Leão XIV está em continuidade?
Parece-me evidente. Talvez por esse mesmo motivo, para tentar continuar aquele trabalho. Depois da morte de Francisco, falou-se — pelo menos segundo a análise que vi nos meios de comunicação — que o mundo viveria um momento de contrarrevolução, um momento reacionário, o outro lado do pêndulo. E então se falou: a Igreja, com sua inteligência geoestratégica bimilenar, fará a mesma coisa e escolherá um Papa muito mais próximo dessa contrarrevolução. E eu pensei: isso não é tão fácil. Não sou um adivinho, não sou um vaticanista, mas não vejo isso como algo fácil. E, no fim, de fato, o novo Papa é um homem de Francisco. O caminho é o mesmo.
No livro, você conversa com Tornielli sobre a relação entre mídia e fé. Qual é a sua visão da relação entre esses temas?
Quando se fala de Igreja, quando se fala de Francisco, se tende a falar mais de política do que de religião. Isso é um paradoxo, porque o Papa não tem um poder político. É verdade que o Papa Francisco tinha uma visão política do mundo, mas seu poder político é superestimado. Vou dar um exemplo simples: o novo Papa disse ‘chega de guerra’ e estou muito feliz. Acho que ele deve dizer isso. Mas quantas guerras uma frase do Papa já encerrou? Nenhuma. Se Putin disser ‘vamos para casa’, a guerra acaba. Essa é a diferença entre um político e o Papa. Acredito, contudo, que isso depende das mídias, porque muitas vezes pensam que religião não é interessante ou não entendem muito. Então não falam disso e acabam falando de outra coisa. Em vez disso, um dos desafios de meu livro é falar sobre coisas como a fé, a ressurreição da carne, a vida eterna, e demonstrar que se pode falar sobre elas.
Alguma coisa mudou para você depois dessa experiência?

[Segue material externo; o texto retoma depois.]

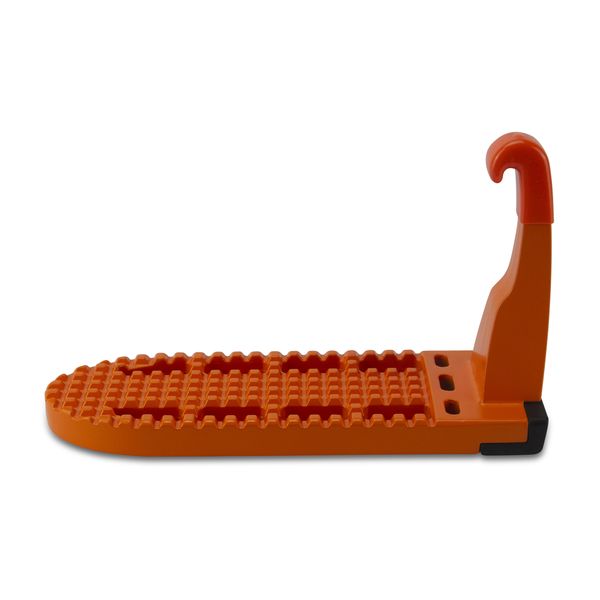 Rightline Gear - Moki Door Step - Orange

Minha visão de mundo mudou completamente. Um livro que não é capaz de mudar você, não pode mudar o leitor. Afinal, é isso que a literatura quer. A literatura é uma aventura. Uma aventura muda você. Se não muda você, não é uma aventura. A literatura é prazer, em primeiro lugar. Mas além disso, é uma forma de conhecimento. E um conhecimento que não transforma você, não é conhecimento. Então, sim, mudou minha visão. De tudo: de Francisco, da Igreja, do Vaticano, de mim mesmo. Tudo é muito mais complexo.
Se você tivesse que escrever novamente sobre uma figura religiosa, quem escolheria?
Talvez Francisco de Assis. Ou uma figura como Pedro, que traiu três vezes. Ele é interessante porque o cristianismo é para os pecadores, para as pessoas normais, para aqueles que têm medo.